ACTION ITEM —
Would you retype the whole listing verbatim, keeping pictures out of it?

THE DATA —
• • • • • • •

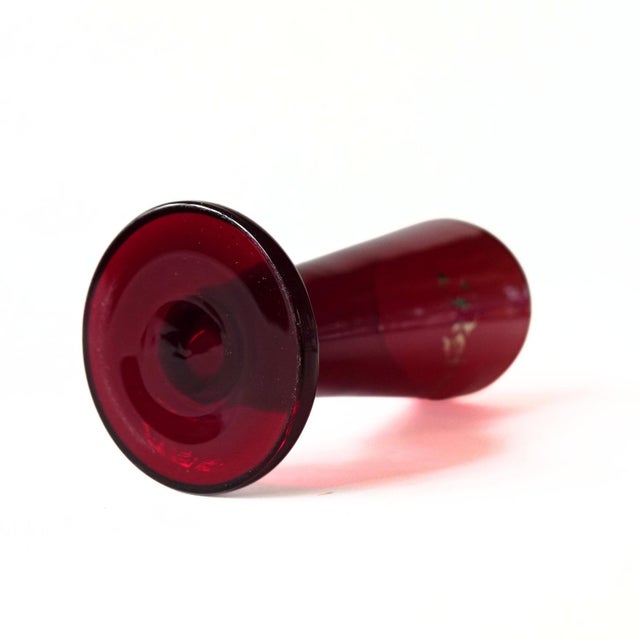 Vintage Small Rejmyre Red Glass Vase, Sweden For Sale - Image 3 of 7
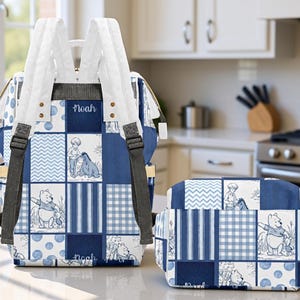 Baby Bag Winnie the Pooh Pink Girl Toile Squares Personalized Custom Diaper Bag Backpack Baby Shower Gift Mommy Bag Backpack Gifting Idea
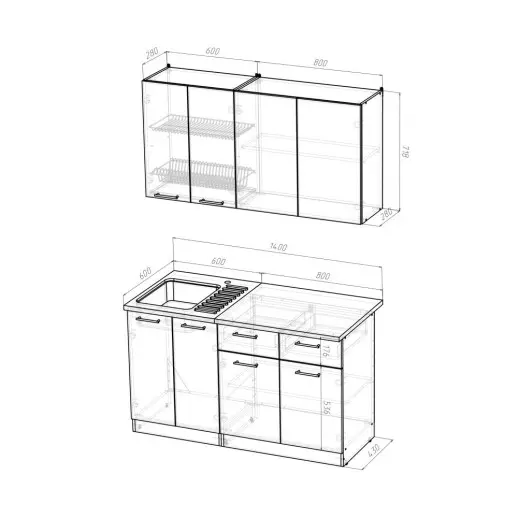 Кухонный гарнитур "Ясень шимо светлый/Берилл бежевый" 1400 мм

• • • • • • •

PROBLEM SOLUTION —
 Vintage Small Rejmyre Red Glass Vase, Sweden For Sale - Image 3 of 7
 Baby Bag Winnie the Pooh Pink Girl Toile Squares Personalized Custom Diaper Bag Backpack Baby Shower Gift Mommy Bag Backpack Gifting Idea
 Кухонный гарнитур "Ясень шимо светлый/Берилл бежевый" 1400 мм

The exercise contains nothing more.